Yeah, you need constant air changes to make a house livable. Seal it off too good and you get mildew in that bathroom, mold in the closets, poor air quality...

When I built my basement, I went to a lot of work to keep the moister out and I even added ventilation that is working all year round.

People sealing up their houses too good will soon find reasons why they should have not done that.

Deron.
 
Sometimes owning the place doesn't suck. At a rental you couldn't do this.View attachment 1

Five freebie sliding glass door panels and a freebie window, plus about $300 for some 2x4's , some siding, and a bit of insulation. Bingo, free heat all afternoon, and a little less cold ouside the wall all night reducing the load on the walls insulation. A fan in the little window, open the big one, and hot air flows in any sunny day. More of the freebie panels were put on the south wall last winter, which cut my heat bill to about $50 a month last winter. Wtih this on the west side, I should be able to use the heater about 5 days a month or less.

It's a typical Las Cruces winter day, so it's about 55-60F outside, but inside the trombe wall, :shock:View attachment Temp inside the trombe wall.jpg

This morning, when it was 27F outside, the trombe wall was still 45 inside. I haven't even insulated it, sealed the air leaks, or put buckets of water in there yet either.
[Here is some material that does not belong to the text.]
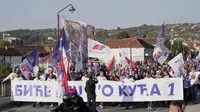 Ovako trenutno izgledaju ulice Čačka: Hiljade ljudi čeka Aleksandra Vučića, hala Borac već je krcata - ovo su slike sa lica mesta (FOTO)(VIDEO)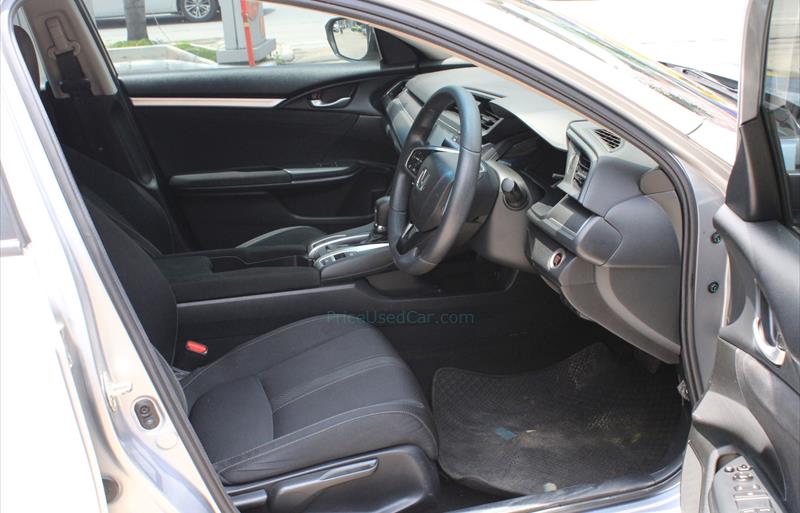 ขายรถเก๋งมือสอง-honda-ฮอนด้า-civic-ซีวิค-รถปี2016-รหัส67182-565e799e.jpg ขายรถเก๋งมือสอง-honda-ฮอนด้า-civic-ซีวิค-รถปี2016-รหัส67182-565e799e.jpg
Come spring, pull a few screws and the whole thing breaks down into panels to be stowed for the summer.
 
Dogman, paint everything under that glass black! Cheaply painting that wall black, it doesnt wear out, no moving parts, and its a big boost in performance. Have you seen www.builditsolar.com? (so much more than solar info). Black absorbs infra-red energy, even on a cloudy day (ever got a cloudy day sunburn?).

Also another great "bang for your buck" project is to contact local plumbers until you find one with a used electric water heater thats in good shape. Many people upgrade to a larger heater, and also a gas-burning unit (which is often considered cheaper to run than electric), leaving the plumber to haul off the old one. Put the extra water heater in the sun under glass (painted black) and have it plumbed to be a "pre-heater" for your homes domestic hot water (DHW) heater.

It doesn't replace the stock unit, but warm water is much cheaper to heat to 110F than the 55-degree stuff that comes out of the underground city water pipe. In the summer, your hot water heater may not come on at all...
 
Dogman, paint everything under that glass black!

Wouldn't that make the house hotter in the summer?

Also wouldn't one black wall on the outside of a house look weird?
 
Look weird? YES!...but a longer eave (for summer shade) or covering the glass in summer would keep that wall from getting hot.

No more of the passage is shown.